7. USAID and ADF made brief presentations, thanking the
president for his continued support and commitment to their
programs. The president was particularly interested in the ADF
program of supporting community development of 400 houses for
low-income families in Jigawa state. The President asked several
questions concerning the selection of the state and the grass-
roots approach used to build community capacity and ownership of
the project.
8. The President was very relaxed and engaged during the
meeting. He was clearly pleased to see William Ford, past
President of ADF and a member of the delegation. The president
and Mr. Ford joked easily with each other and discussed their 35
year friendship which began during Mr. Fords tenure as USAID
mission director, 1972-77.
9. The President spoke openly about polio and believes that a
"purely health issue" has become politicized by some religious
leaders.
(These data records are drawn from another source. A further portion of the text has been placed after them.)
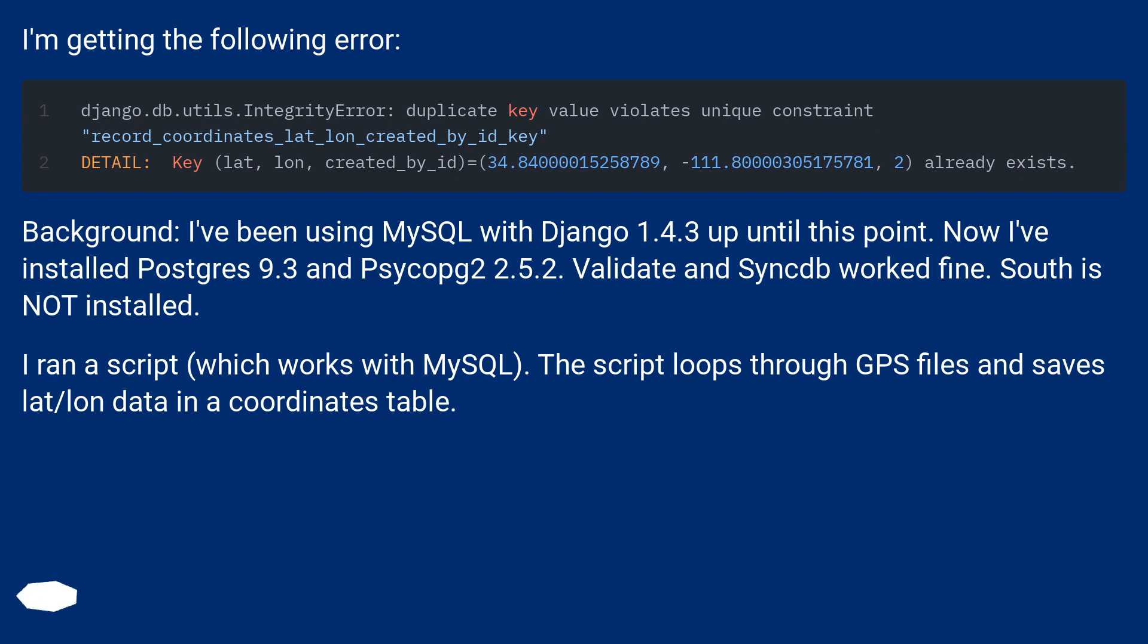I ran a script which works with MySQL. The script loops through GPS files and saves lat/lon data in a coordinates table.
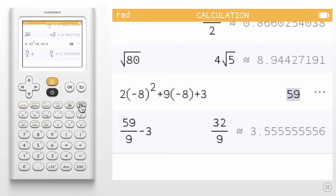While in the calculation history or within the editor, you can clear the entire calculation history by pressing Shift and Clear.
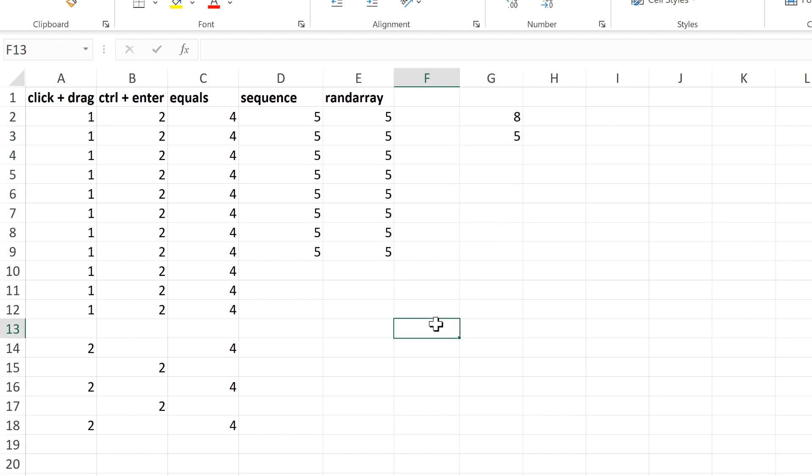Okay, so in this video, I have shown you how to get multiple copies of the same number in Excel, and that is everything.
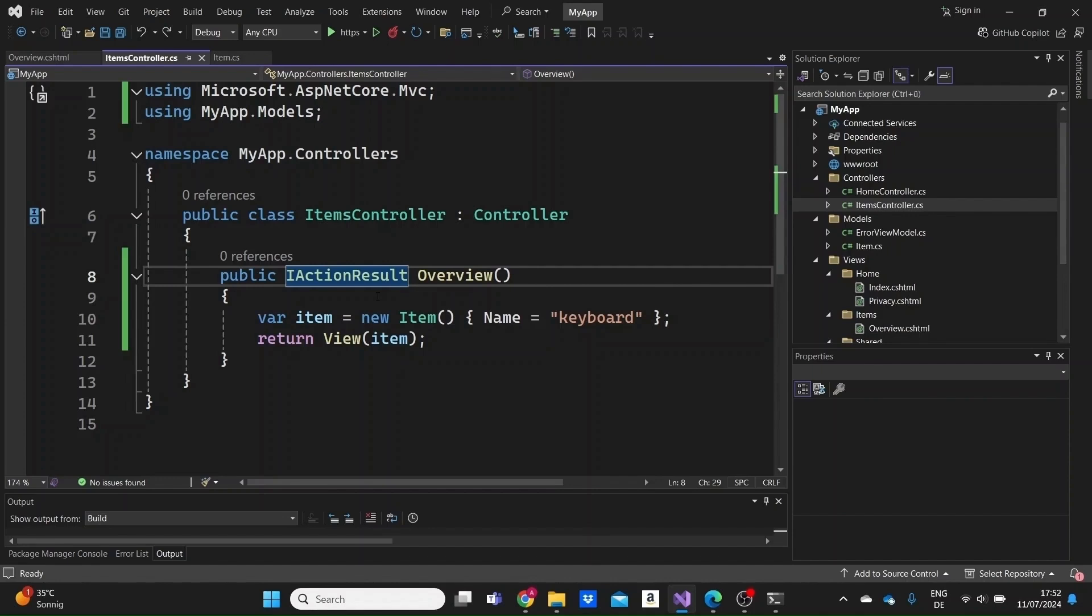Inside of an action, we can return to the user different results. We can return a page, we can redirect the user somewhere, we can return a JSON, just a simple message, and so on.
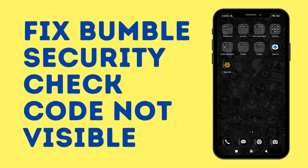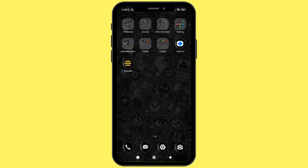How to fix the issue of security code not visible on Bumble application. Hello everyone, welcome back to our channel and today we are back again with a new video. In this video, I will show you how you can easily fix the issue with the security code on Bumble application. So without any delay, let's get into it.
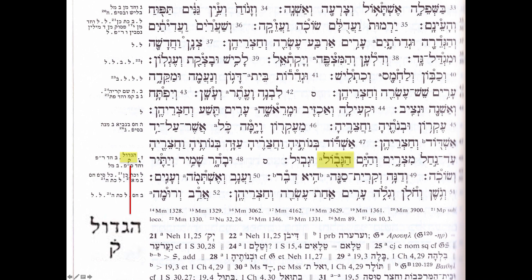They don't end up changing the consonants at all. They just put strange vowels on the consonants, forming a word that doesn't make sense in context. That should trigger you as the reader to go out to the margin, look for the Qof, and say — oh, here are the consonants the scribe is telling me to read. That is the scribe's way of correcting the text without physically altering the body of the text itself.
He indicated that he must tread carefully given the
belief by some in the north that the vaccine contains harmful
substances. He mentioned that a learned Islamic professor has
been helpful in dispelling the myths surrounding the vaccine, but
that more advocacy is needed. The President stated that he
believes that Nigeria will be able to meet the 2005 target of
polio eradication.
10. The President reaffirmed the need to raise awareness of
HIV/AIDS. He is trying to assess the current status of HIV/AIDS
in Nigeria, but believes that, although the prevalence rate of
5.8 percent has not dropped, the exponential increase has been
arrested. He was surprised when he learned that the prevalence
rate in many rural areas is as high as or higher than the rate in
some urban areas. He recognizes that sexually active youth,
particularly young men, represent the largest cohort responsible
for spreading the virus, and that working with the private sector
is required to ensure provision of anti-retroviral drugs to the
largest number of people living with aids.
11. The Presidents final comments focused on the need to further
strengthen democracy, even within his own political party. He
mentioned that they "can't do enough" in this area and mentioned
that, although the national labor congress is threatening a
strike on Wednesday, January 24th as a result of the fuel
increases, they must continue to engage in dialogue to resolve
the issue.
12. The 45 minute meeting was cordial and open. The President
seemed somewhat ill-informed when discussing the health issues of
polio and HIV/AIDS and espoused the government line of everything
being under control. However, polio cases have doubled in less
than a year and resistance from the north has not abated. The
president also seemed to be less familiar with the HIV/AIDS
situation. Although Nigerias prevalence rate of 5.8 percent is
considered low, but under reported, the issue is the absolute
numbers of HIV positive people which stands around 4 million.
This is the third highest number of infections on the continent
and without immediate efforts to mount a coordinated and
comprehensive HIV/AIDS response, these numbers are likely to
double within the next ten years.
13. Following the meeting and in discussion with Embassy
officers, Deputy Secretary Allen recommended that the USG fully
support international efforts to arrest the polio virus. He has
offered to consult with HHS Secretary Tommy Thompson to secure
his support for UNICEF to take the lead in assembling noted
Islamic scholars and health practitioners to engage the Nigerian
religious and community leaders on this growing problem.
Secretary Thompson has also sent a letter to the Minister of
Health urging Nigeria to focus on polio eradication. The U.S.
Mission will follow-up with his office as part of a larger
strategy (see septel) to address polio.